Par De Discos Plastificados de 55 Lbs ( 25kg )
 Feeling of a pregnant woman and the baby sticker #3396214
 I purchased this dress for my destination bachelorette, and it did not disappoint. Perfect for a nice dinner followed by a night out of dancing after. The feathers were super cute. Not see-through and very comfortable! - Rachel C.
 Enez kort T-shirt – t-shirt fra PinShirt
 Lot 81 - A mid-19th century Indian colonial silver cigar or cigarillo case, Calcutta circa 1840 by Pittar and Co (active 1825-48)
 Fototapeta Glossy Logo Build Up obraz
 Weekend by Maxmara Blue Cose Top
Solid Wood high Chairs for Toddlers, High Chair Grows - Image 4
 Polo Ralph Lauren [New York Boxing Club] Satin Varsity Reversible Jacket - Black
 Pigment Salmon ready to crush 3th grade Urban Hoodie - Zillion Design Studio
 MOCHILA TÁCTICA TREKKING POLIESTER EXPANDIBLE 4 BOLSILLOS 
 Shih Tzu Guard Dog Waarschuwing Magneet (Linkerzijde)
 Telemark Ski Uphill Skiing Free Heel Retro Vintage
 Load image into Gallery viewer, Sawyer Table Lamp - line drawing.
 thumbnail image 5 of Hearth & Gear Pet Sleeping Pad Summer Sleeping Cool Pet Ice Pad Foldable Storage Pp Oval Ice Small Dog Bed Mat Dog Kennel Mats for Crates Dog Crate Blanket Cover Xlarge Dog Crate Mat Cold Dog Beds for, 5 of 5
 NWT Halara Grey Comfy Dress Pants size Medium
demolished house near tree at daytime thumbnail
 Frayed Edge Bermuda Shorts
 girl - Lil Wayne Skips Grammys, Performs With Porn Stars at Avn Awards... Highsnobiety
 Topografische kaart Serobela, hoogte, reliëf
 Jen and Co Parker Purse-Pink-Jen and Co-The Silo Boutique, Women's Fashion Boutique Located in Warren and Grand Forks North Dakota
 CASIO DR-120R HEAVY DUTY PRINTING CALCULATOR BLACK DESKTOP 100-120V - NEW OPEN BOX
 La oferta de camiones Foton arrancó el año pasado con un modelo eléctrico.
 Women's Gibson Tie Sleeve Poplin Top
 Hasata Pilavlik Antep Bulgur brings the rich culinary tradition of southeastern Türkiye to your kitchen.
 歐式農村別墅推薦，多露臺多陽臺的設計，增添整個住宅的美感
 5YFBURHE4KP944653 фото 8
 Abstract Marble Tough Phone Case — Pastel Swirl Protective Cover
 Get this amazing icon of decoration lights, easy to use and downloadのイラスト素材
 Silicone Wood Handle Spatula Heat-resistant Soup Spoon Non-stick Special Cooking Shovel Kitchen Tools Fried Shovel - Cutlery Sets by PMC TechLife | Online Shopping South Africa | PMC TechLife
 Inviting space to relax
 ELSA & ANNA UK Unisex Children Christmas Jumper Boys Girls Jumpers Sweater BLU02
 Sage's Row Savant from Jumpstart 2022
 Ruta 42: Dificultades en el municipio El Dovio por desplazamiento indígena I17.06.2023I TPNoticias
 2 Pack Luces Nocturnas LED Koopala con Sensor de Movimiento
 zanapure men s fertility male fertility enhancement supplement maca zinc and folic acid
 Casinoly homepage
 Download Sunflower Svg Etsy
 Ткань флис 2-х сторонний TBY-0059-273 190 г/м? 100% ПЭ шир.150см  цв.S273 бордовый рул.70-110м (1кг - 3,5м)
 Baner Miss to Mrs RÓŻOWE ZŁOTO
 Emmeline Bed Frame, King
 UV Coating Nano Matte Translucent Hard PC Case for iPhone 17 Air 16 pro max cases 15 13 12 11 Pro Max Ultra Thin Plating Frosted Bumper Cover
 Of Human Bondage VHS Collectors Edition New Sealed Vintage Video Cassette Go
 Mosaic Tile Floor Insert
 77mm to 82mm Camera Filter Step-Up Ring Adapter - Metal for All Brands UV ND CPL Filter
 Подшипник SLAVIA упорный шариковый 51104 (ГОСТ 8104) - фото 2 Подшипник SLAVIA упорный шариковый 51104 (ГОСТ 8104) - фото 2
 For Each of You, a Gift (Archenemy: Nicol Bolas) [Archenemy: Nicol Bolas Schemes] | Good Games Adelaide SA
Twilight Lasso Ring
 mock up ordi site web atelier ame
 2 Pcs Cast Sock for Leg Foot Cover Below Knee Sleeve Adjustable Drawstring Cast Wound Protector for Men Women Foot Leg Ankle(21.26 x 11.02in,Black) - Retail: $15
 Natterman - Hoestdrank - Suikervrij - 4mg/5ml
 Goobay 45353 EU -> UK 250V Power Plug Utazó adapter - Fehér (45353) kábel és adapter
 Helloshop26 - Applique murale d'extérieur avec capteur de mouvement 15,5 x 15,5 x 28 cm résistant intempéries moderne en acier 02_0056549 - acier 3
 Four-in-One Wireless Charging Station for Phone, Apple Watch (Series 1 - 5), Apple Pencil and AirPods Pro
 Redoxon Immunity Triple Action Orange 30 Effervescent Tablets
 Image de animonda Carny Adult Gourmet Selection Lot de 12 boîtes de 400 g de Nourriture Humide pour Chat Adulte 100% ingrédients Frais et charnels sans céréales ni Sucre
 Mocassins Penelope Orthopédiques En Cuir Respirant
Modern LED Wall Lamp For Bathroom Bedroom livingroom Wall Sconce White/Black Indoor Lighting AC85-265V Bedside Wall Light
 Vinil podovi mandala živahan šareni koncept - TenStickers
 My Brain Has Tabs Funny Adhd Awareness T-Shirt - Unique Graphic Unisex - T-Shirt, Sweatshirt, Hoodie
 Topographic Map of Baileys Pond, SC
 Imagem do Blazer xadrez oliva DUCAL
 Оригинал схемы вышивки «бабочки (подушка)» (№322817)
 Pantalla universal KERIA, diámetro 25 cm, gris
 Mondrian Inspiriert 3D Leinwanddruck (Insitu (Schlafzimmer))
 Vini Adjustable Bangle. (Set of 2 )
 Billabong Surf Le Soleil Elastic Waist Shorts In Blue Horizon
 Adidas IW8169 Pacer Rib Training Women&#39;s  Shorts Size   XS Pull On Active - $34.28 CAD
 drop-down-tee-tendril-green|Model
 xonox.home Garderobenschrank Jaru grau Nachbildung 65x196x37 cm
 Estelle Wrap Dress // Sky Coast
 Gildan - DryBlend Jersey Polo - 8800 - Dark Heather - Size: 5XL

━━━━━━━━━━━━━━━━━━━━

_TASK ITEM:_ Give back exactly the lines of the listing above, starting with its first line and ending with the line that holds "5YFBURHE4KP944653 фото 8".

_EXERCISE RESPONSE:_
Par De Discos Plastificados de 55 Lbs ( 25kg )
 Feeling of a pregnant woman and the baby sticker #3396214
 I purchased this dress for my destination bachelorette, and it did not disappoint. Perfect for a nice dinner followed by a night out of dancing after. The feathers were super cute. Not see-through and very comfortable! - Rachel C.
 Enez kort T-shirt – t-shirt fra PinShirt
 Lot 81 - A mid-19th century Indian colonial silver cigar or cigarillo case, Calcutta circa 1840 by Pittar and Co (active 1825-48)
 Fototapeta Glossy Logo Build Up obraz
 Weekend by Maxmara Blue Cose Top
Solid Wood high Chairs for Toddlers, High Chair Grows - Image 4
 Polo Ralph Lauren [New York Boxing Club] Satin Varsity Reversible Jacket - Black
 Pigment Salmon ready to crush 3th grade Urban Hoodie - Zillion Design Studio
 MOCHILA TÁCTICA TREKKING POLIESTER EXPANDIBLE 4 BOLSILLOS 
 Shih Tzu Guard Dog Waarschuwing Magneet (Linkerzijde)
 Telemark Ski Uphill Skiing Free Heel Retro Vintage
 Load image into Gallery viewer, Sawyer Table Lamp - line drawing.
 thumbnail image 5 of Hearth & Gear Pet Sleeping Pad Summer Sleeping Cool Pet Ice Pad Foldable Storage Pp Oval Ice Small Dog Bed Mat Dog Kennel Mats for Crates Dog Crate Blanket Cover Xlarge Dog Crate Mat Cold Dog Beds for, 5 of 5
 NWT Halara Grey Comfy Dress Pants size Medium
demolished house near tree at daytime thumbnail
 Frayed Edge Bermuda Shorts
 girl - Lil Wayne Skips Grammys, Performs With Porn Stars at Avn Awards... Highsnobiety
 Topografische kaart Serobela, hoogte, reliëf
 Jen and Co Parker Purse-Pink-Jen and Co-The Silo Boutique, Women's Fashion Boutique Located in Warren and Grand Forks North Dakota
 CASIO DR-120R HEAVY DUTY PRINTING CALCULATOR BLACK DESKTOP 100-120V - NEW OPEN BOX
 La oferta de camiones Foton arrancó el año pasado con un modelo eléctrico.
 Women's Gibson Tie Sleeve Poplin Top
 Hasata Pilavlik Antep Bulgur brings the rich culinary tradition of southeastern Türkiye to your kitchen.
 歐式農村別墅推薦，多露臺多陽臺的設計，增添整個住宅的美感
 5YFBURHE4KP944653 фото 8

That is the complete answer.